What to work on
Print the lines that start the entries and continue through the one holding "Used Deepal S07", please, exactly and with the pictures omitted.

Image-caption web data
════════
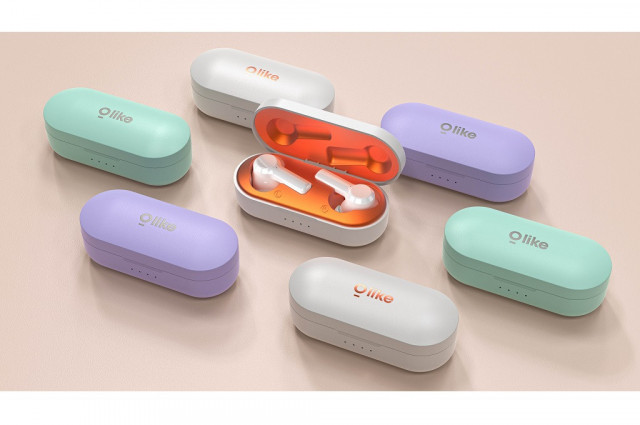 Ponsel sedang mengisi daya sepasang TWS earbuds yang diletakkan di bagian belakangnya.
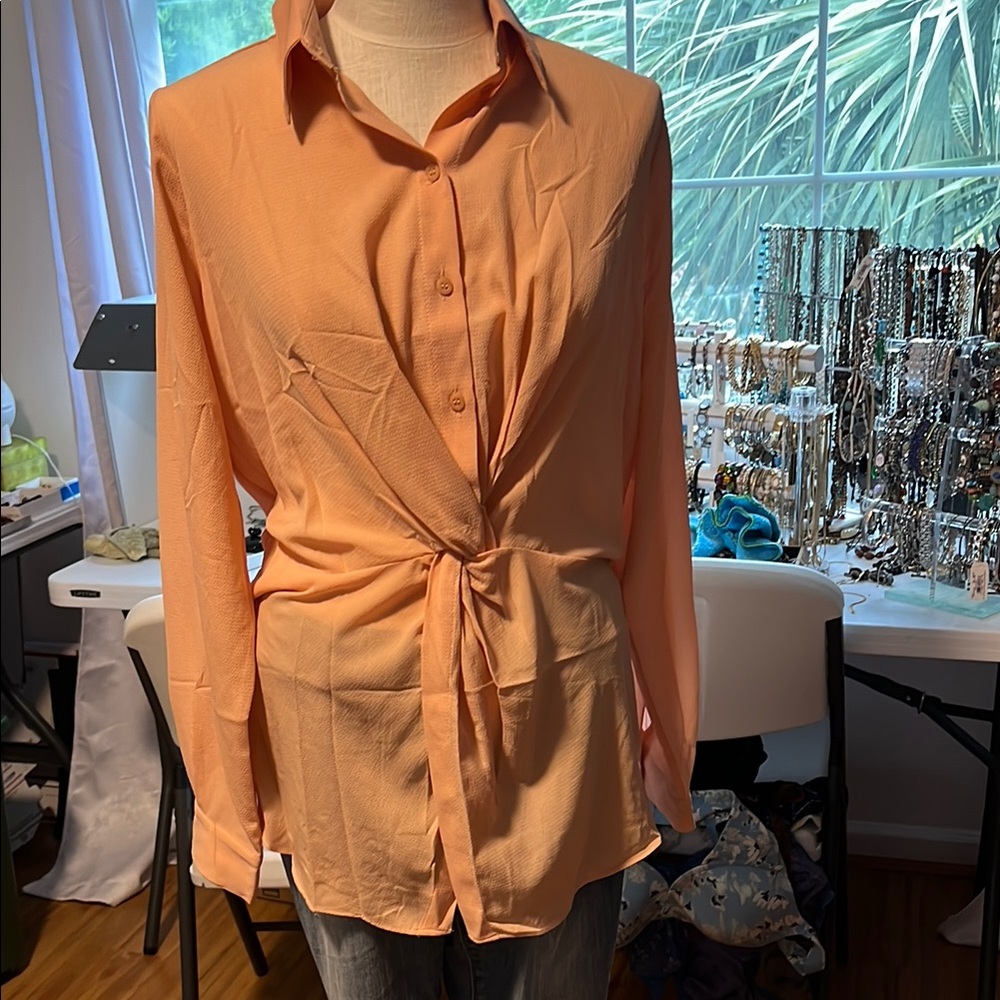 Elegant Peach Women's Top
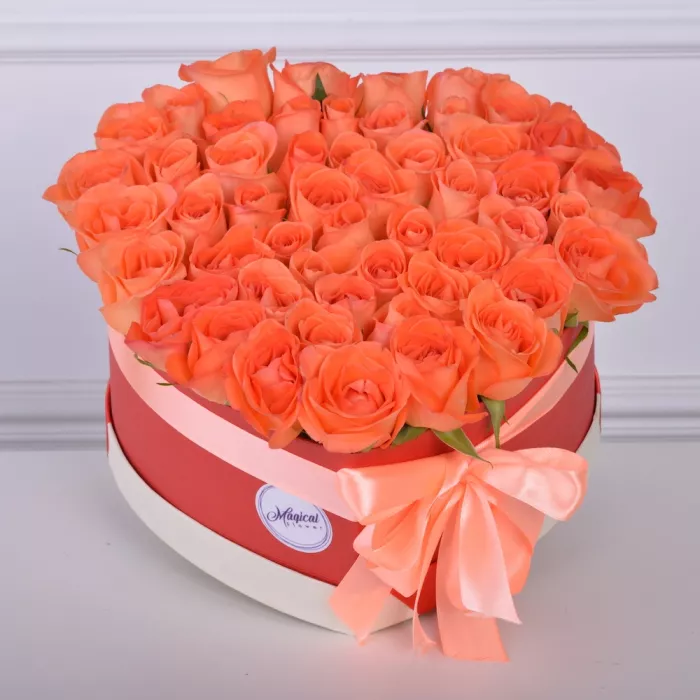 51 мандариновая роза в коробке в форме сердца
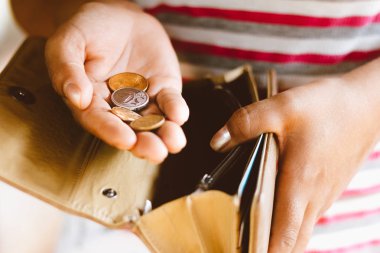 Elinde bazı sikkeler ile boş cüzdan tutan kadın - Ekonomik kriz Kavramı - Finansal muhasebe için para tasarrufu.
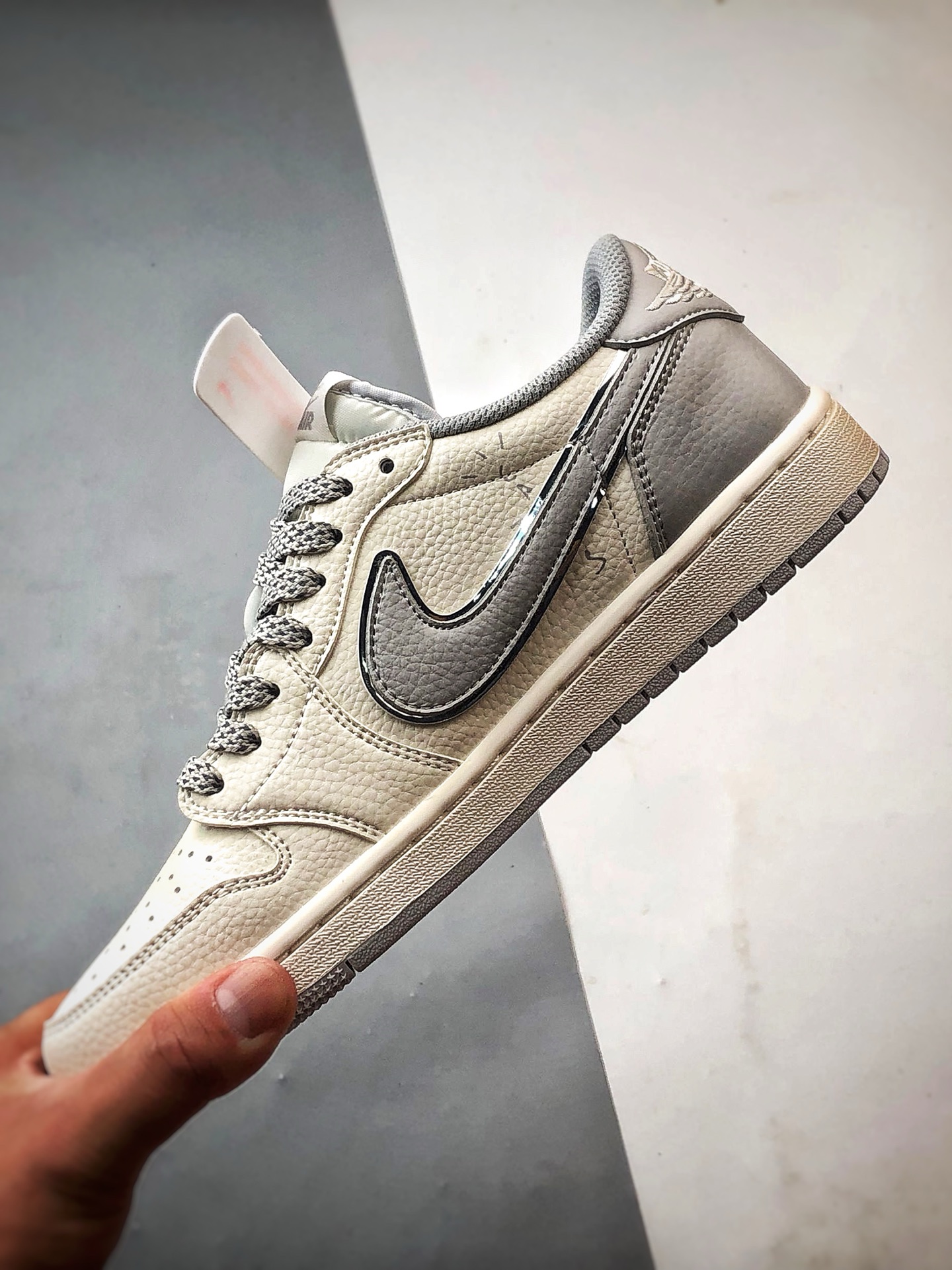 Air Jordan 1 Low ”高端定制” 斯图西米白灰倒钩 ST5696-262-莆田鞋,莆田鞋货源,高仿鞋,高仿鞋货源,安福档口,莆田高仿鞋,莆田鞋批发,高仿鞋批发,莆田高仿运动鞋,高仿运动鞋,莆田运动鞋 Air Jordan 1 Low ”高端定制” 斯图西米白灰倒钩 ST5696-262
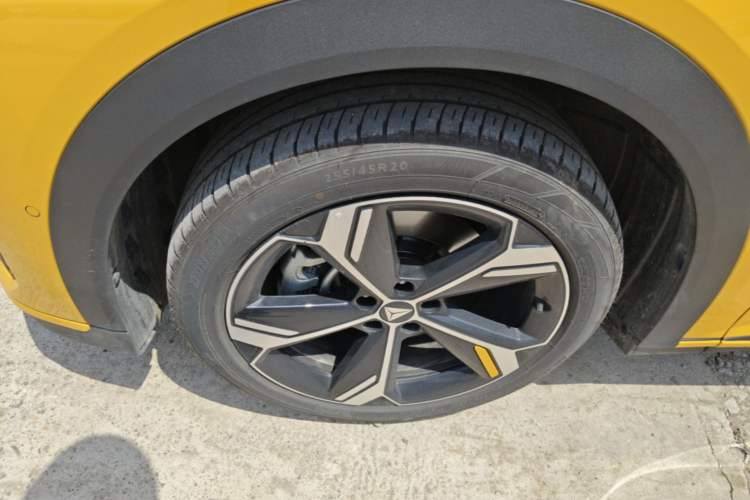 Used Deepal S07 2026 230Ultra with Huawei Qiankun ADS SE Edition Left Front Wheel Hub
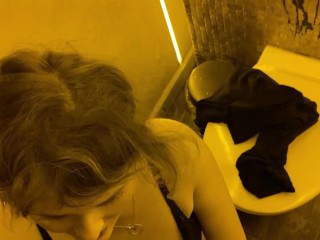 Bitch paid for food_with juicy blowjob in the toilet!!!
════════
Response box
 Ponsel sedang mengisi daya sepasang TWS earbuds yang diletakkan di bagian belakangnya.
 Elegant Peach Women's Top
 51 мандариновая роза в коробке в форме сердца
 Elinde bazı sikkeler ile boş cüzdan tutan kadın - Ekonomik kriz Kavramı - Finansal muhasebe için para tasarrufu.
 Air Jordan 1 Low ”高端定制” 斯图西米白灰倒钩 ST5696-262-莆田鞋,莆田鞋货源,高仿鞋,高仿鞋货源,安福档口,莆田高仿鞋,莆田鞋批发,高仿鞋批发,莆田高仿运动鞋,高仿运动鞋,莆田运动鞋 Air Jordan 1 Low ”高端定制” 斯图西米白灰倒钩 ST5696-262
 Used Deepal S07 2026 230Ultra with Huawei Qiankun ADS SE Edition Left Front Wheel Hub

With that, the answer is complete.